Lessons learned: Four tips to use when designing for raters
Simplifying raters’ workflow is essential for efficiently training ML models. The UX tweaks we made for raters as described above are a start, but my team at Google Brain is still in the early stages of building our own tool for labeling data. Here are a few things the team has learned so far about designing for rating.
1. Use multiple shortcuts to optimize key flows
Raters regularly use keyboard shortcuts to move between lines, select text, and assign labels. It’s a testament to the original engineer of the raters’ annotation tool that no one ever complained about the word selection function. It’s always been a slick process, automatically selecting the entire word for faster highlighting.
When you start providing multiple ways for raters to complete a task, consider asking them for ideas. For example, they helped us identify that grouping text highlights was a helpful action. After a long day of manual grouping, one of our raters had the brilliant idea to select a paragraph of text and use a keyboard shortcut to automatically group all highlights within the selected region. That saved her from having to individually select each highlight to group them, which shaved useful seconds off the task.
2. Always provide easy access to labels
A typical dropdown menu might seem like the most obvious way to let raters label a highlighted phrase with tags, but it isn’t. Let’s go back to our ice cream store example. Imagine a rater highlighting “sea salt caramel,” then clicking on a drop-down menu with more labels to describe the ice cream as “creamy.” Dropdown menus are helpful for the first label, but not for subsequent labels. In studies with our rater annotation tool, raters complained that the menus, represented by text boxes that offered choices for additional labels, covered up existing labels on the screen. Obscuring the screen made it difficult for raters to see the additional context they needed from the text.

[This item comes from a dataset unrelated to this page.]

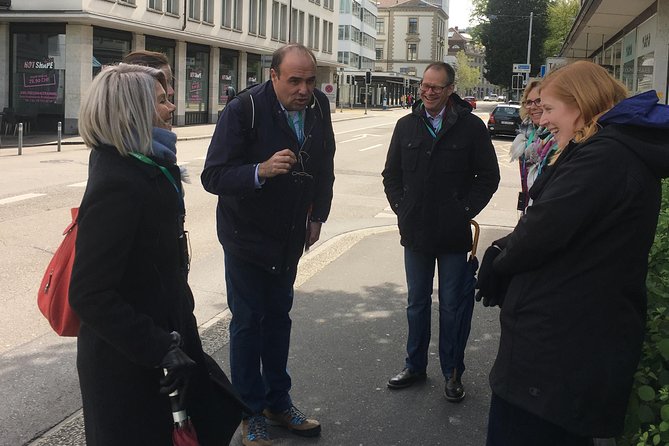 Banks and Notorious Clients: Stories About the Gnomes of Zurich - Dark Side of Swiss Banking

We decided to redesign the menu so when raters select a highlight, the dropdown menu of labels opens in the margins of the screen. As raters add labels, they still appear below highlighted text, but are no longer covered up by a dropdown. This helped raters confirm which labels were already linked to words before adding more.
3. Let raters change their minds
I learned from studying the behaviors of raters that they don’t do their work in a set sequential order. When reviewing text, they might highlight words and label them as they go, or they might make it through a couple paragraphs, see the topic shifted, then go back and put similar highlights into groups. If they’re reviewing images, they might skip a few tough ones and go back to them later. Any two raters might frequently disagree and need to have a conversation about how to reconcile their choices.
Raters need a flexible workflow and tools that support editing and out-of-sequence changes. One way to do this is to create text fields outside the main body, much like the ‘comment’ dialogs in Google Docs that show up in the margins and clearly reference highlighted text. This allows raters to leave notes on their progress or remember questions for later reference.
It’s also important to ensure that raters can discuss their choices and make the changes needed to align with each other. Supporting methods of offline discussion, such as shared commenting on the file itself, helps raters resolve disagreements more quickly.
4. Auto-detect and display errors
It’s not fair to ask raters to simply “do their best” to meet a rule set for any given project. Build the rules into the tool so it’s visually clear when errors are present. For example, we contemplated showing alerts for important errors or blocking submissions until they’re fixed. Instead, we settled for an auto-prompted “error list” raters must check before submitting. It lets raters know when errors are detected but avoids the potential annoyance of pop-up alerts. Since setting up this list, the number of submissions with errors dropped precipitously, and we don’t have as much throwaway data.